Exercise data:

"""

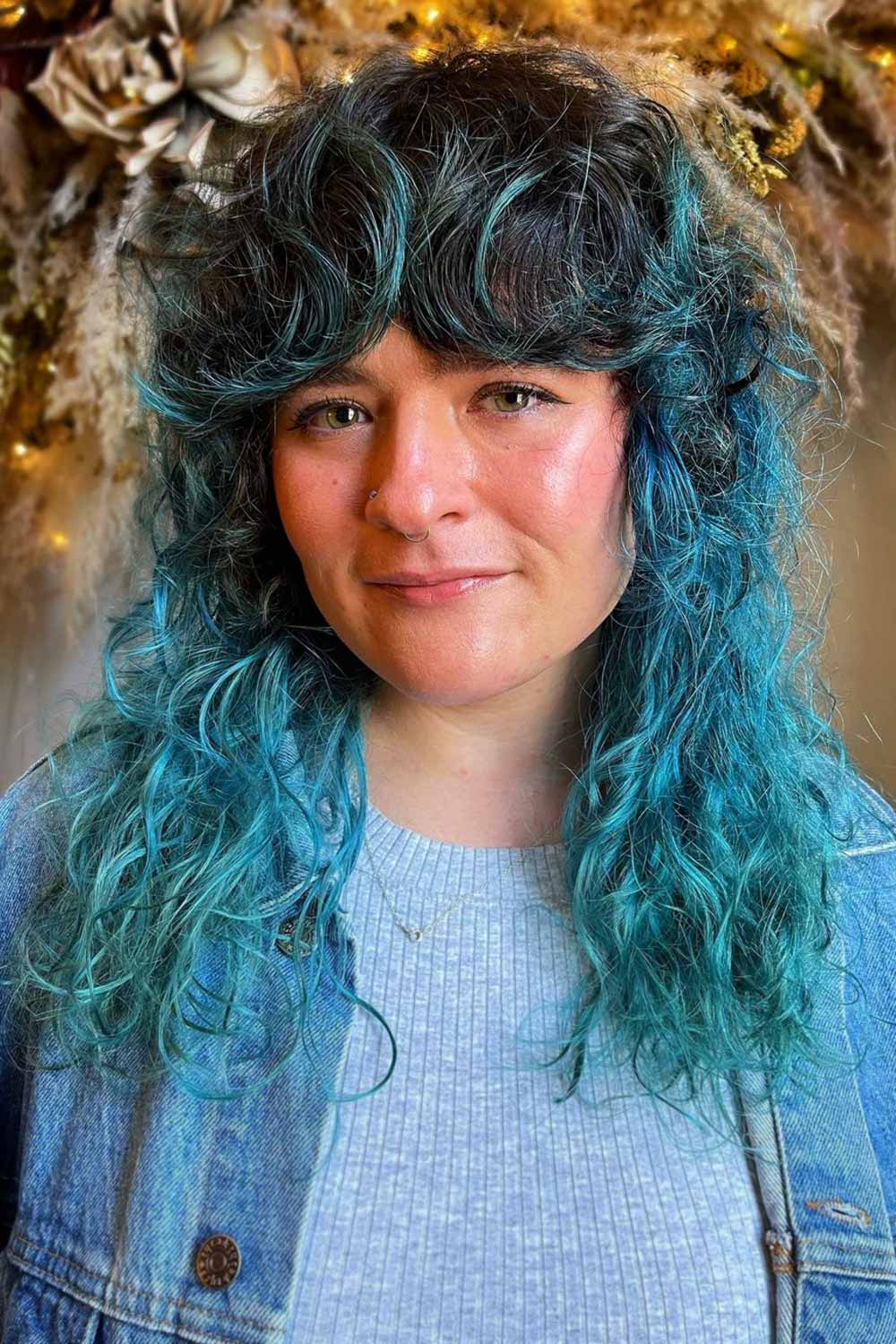 Bright Blue Curly Shag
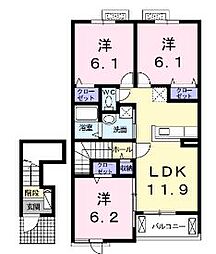 ボルベール2 3LDKの間取図画像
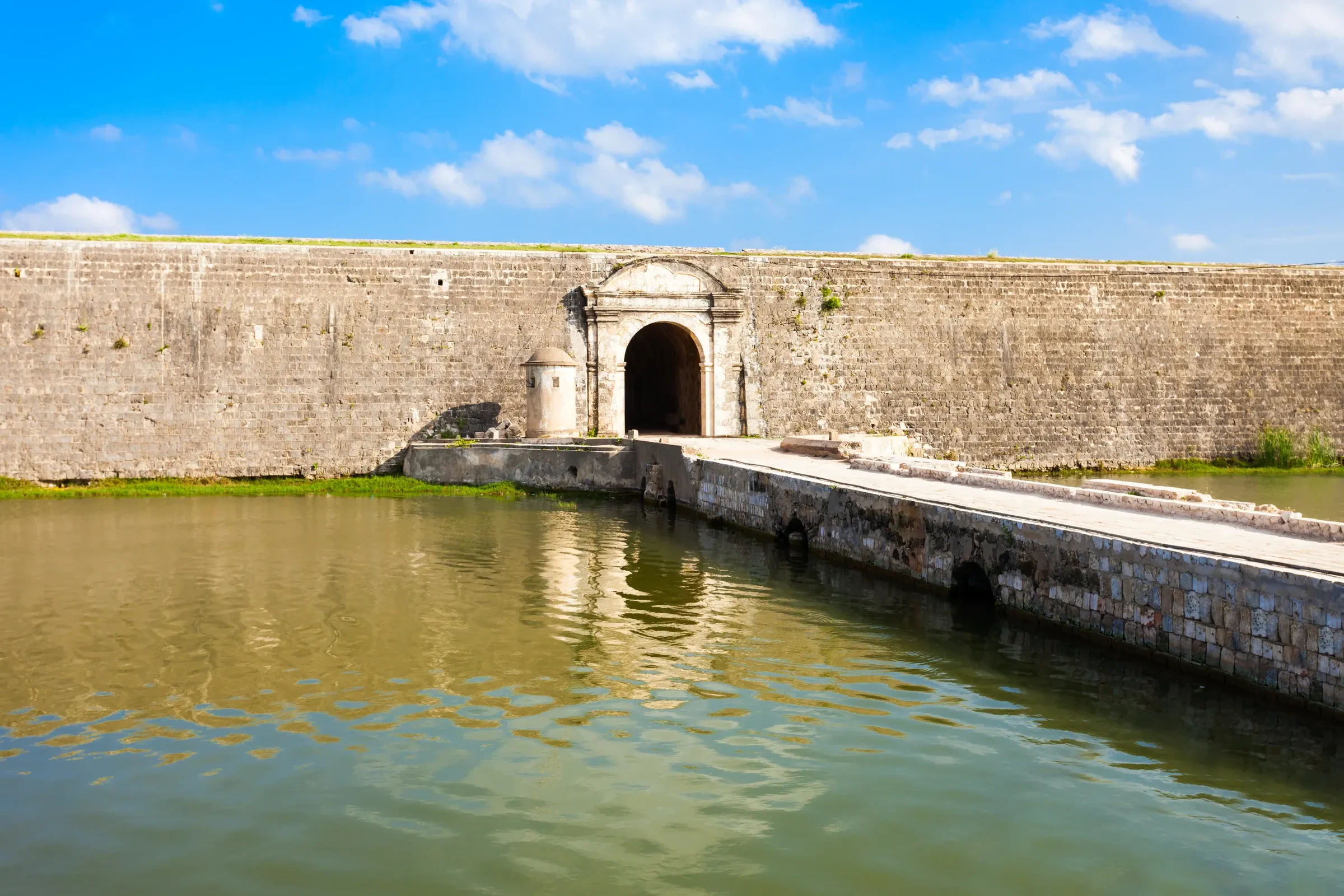 The stone wall and moat of Jaffna Fort in northern Sri Lanka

"""

Assignment:
Where the data includes pictures, leave them out and write out everything else exactly.

Your response:
 Bright Blue Curly Shag
 ボルベール2 3LDKの間取図画像
 The stone wall and moat of Jaffna Fort in northern Sri Lanka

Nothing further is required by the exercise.